Sudden Unexpected Death in Epilepsy (SUDEP) is defined as the death of a person with epilepsy who passes away without a clear explanation. The death is not known to be related to an accident or seizure emergency such as status epilepticus. When an autopsy is done, no other of cause of death can be found. 

While work is being done to find out what causes SUDEP, numbers suggest that approximately 1 in 1,000 children with epilepsy die from SUDEP each year. The risk of a child dying from SUDEP is about the same as he or she would have from something like a car accident.

The cause of SUDEP is not known but deaths are thought to be associated with a seizure in time, usually a generalized seizure that most often occurs at night. Some experts think the mechanism is related to heart or breathing abnormalities.

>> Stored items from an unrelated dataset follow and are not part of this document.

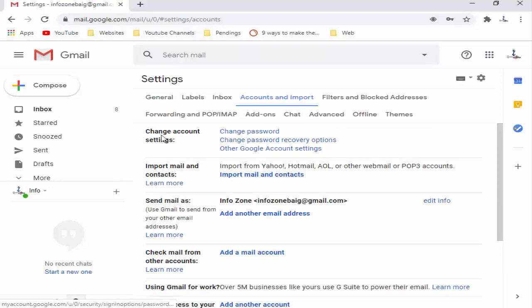After, you can see Change Account. You click on this link, Change Password.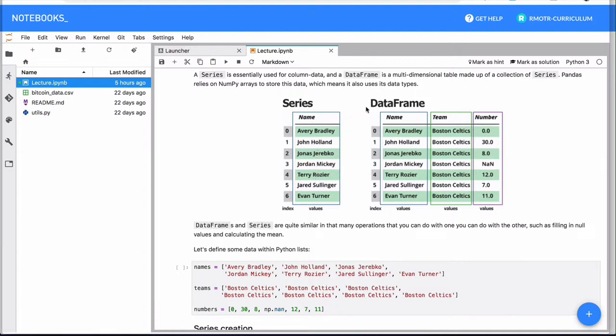On the other hand, the DataFrame, which is arguably the most popular data structure in pandas, the one we use more often, resembles more tabular data, what you know as a simple Excel spreadsheet. That's going to be it.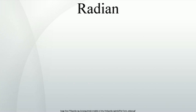The term radian first appeared in print on June 5, 1873, in examination questions set by James Thomson, brother of Lord Kelvin, at Queen's College, Belfast.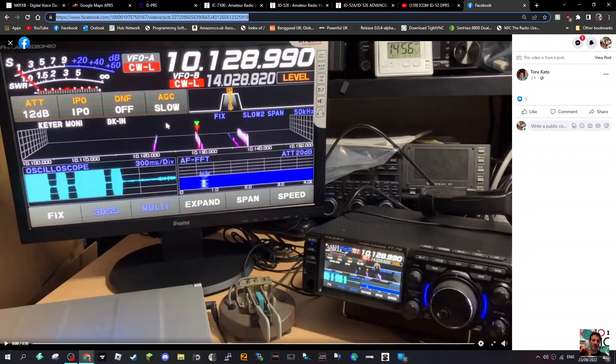MZero FXB, so again Toru Katu, thanks very much for these videos with the external display on the Yaesu FT710.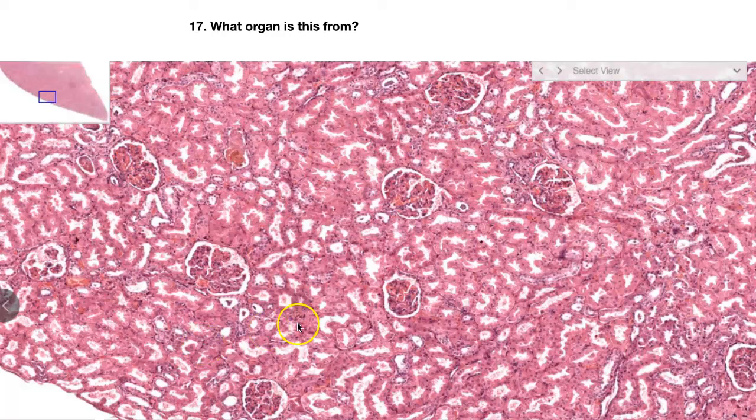Number seventeen — what organ is this from? You see lots of these structures and lots of lumens. Here's the lumen of all these structures. You'll learn about these when we study the urinary system — this is where we're making urine. This is the kidney.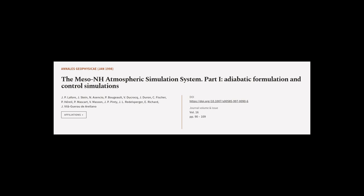This article was authored by J.P. LaFour, J. Stein, N. Asensio, and others.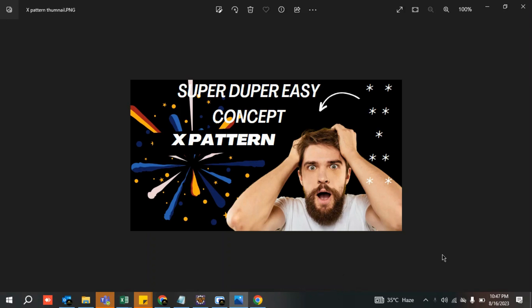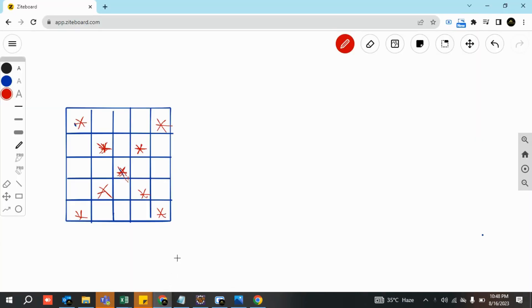Hey, welcome back to the channel. Today we are going to print a star pattern in the form of an X. It looks difficult but it is very easy — by the end of this lecture you will realize how easy it actually was. Let's jump back to the lecture.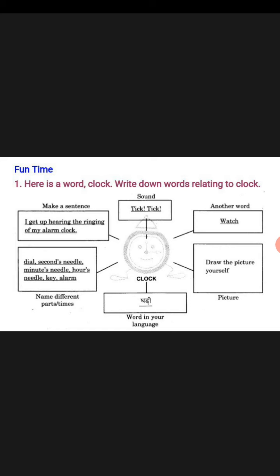Now we will move towards the right. What is it there? Another word — a synonym for clock. Yes, it will definitely be called watch. So you will write watch.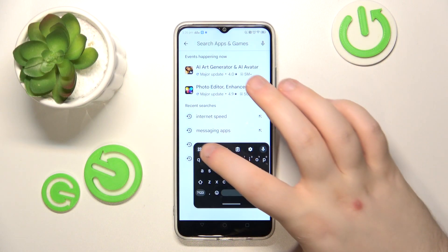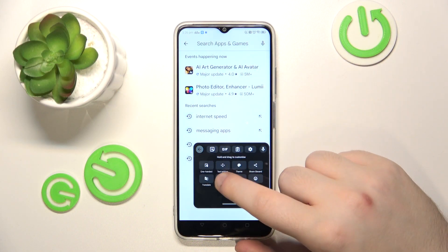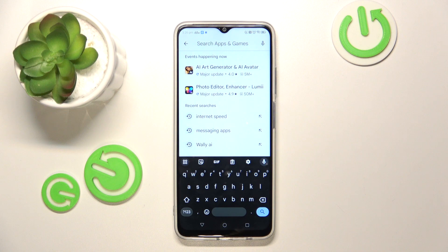So you have to tap on this four square icons and then click on floating button and your keyboard should be back into its default mode.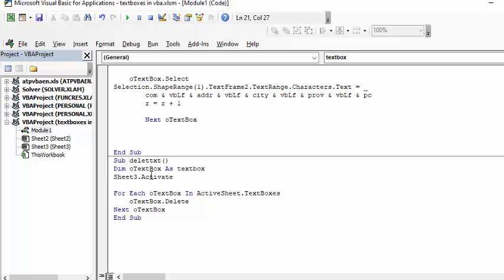Each of the text boxes is O text box as text box and sheet 3 activate. For each text box in active text boxes, delete next text box. So it just goes through and does all that.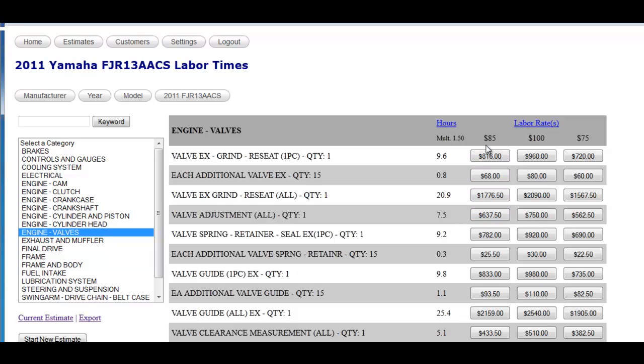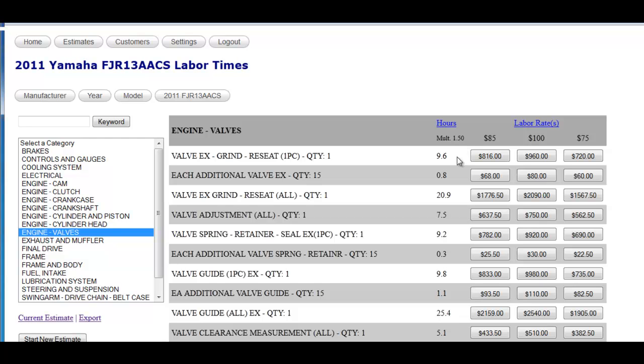Now if you notice at the top of the screen, you'll see the $85, $100, and $75 that you inputted in the user settings. You'll also notice MULT 1.5. That shows you're increasing all your labor times by 50% from when you set them in the user settings, and all of these labor times are already multiplied by 50%. Service Manager Pro does that calculation for you.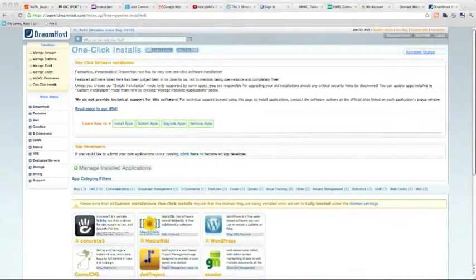Hello there, this is Rob Coven here. I'm going to show you how to set up a website on DreamHost.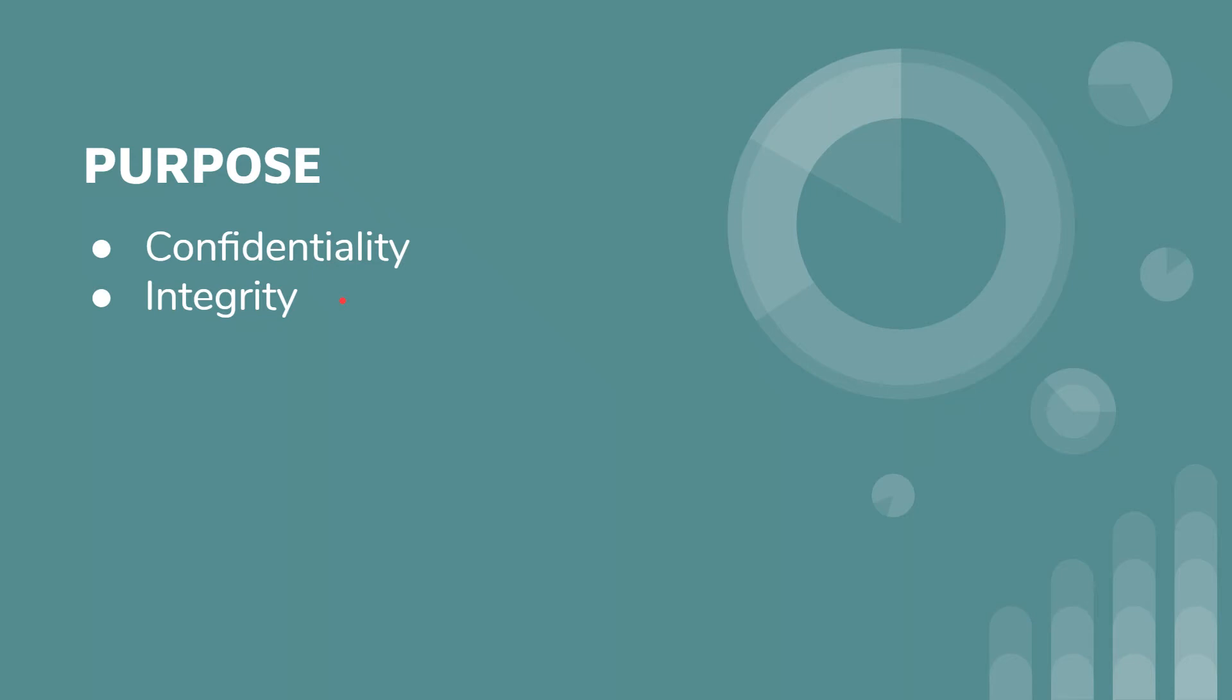Integrity just means that the data hasn't changed. So cryptography helps ensure that the data does not change. And then we have authenticity. You want to make sure that the sender is authentic, that it came from the person who supposedly sent it, or who it seems that it came from.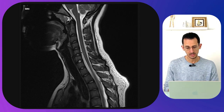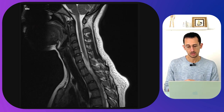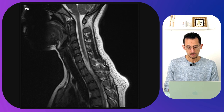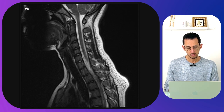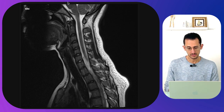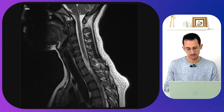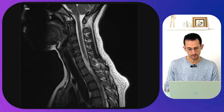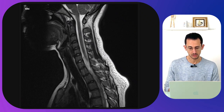Here we see a midline sagittal image. At the top is the brain stem and the cerebellum. This is the end of the brain stem around the foramen magnum. What we see here is the clivus, the posterior margin of the foramen magnum, and the cranial cervical junction.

Children with uncontrolled generalized tonic clonic (GTC) seizures are at greatest risk for SUDEP. However, any family with children who have epilepsy can reduce their child’s risk of SUDEP by doing all they can to make sure their child’s seizures are controlled. Families can and should be active advocates by collaborating with their epilepsy care team. If your neurologist is not specifically trained in epilepsy (e.g. an epileptologist), you may want to seek consultation with an epileptologist if your child’s seizures remain uncontrolled.

Here at Children's National, Madison Berl, Ph.D., the director of research in Pediatric Neuropsychology, and William D. Gaillard, M.D., director of our Comprehensive Pediatric Epilepsy Program, have led a regional effort to increase knowledge about SUDEP and other conditions that can accompany epilepsy. Childhood Epilepsy Risks and Impact on Outcomes (CHERIO) began in 2014 when the mother of a Children's National patient who died from SUDEP met Drs. Berl and Gaillard at the American Epilepsy Society annual meeting and asked what she could do to help raise awareness of SUDEP at Children's National. She has since partnered with the doctors to support the CHERIO program, which continues to make strides in its mission.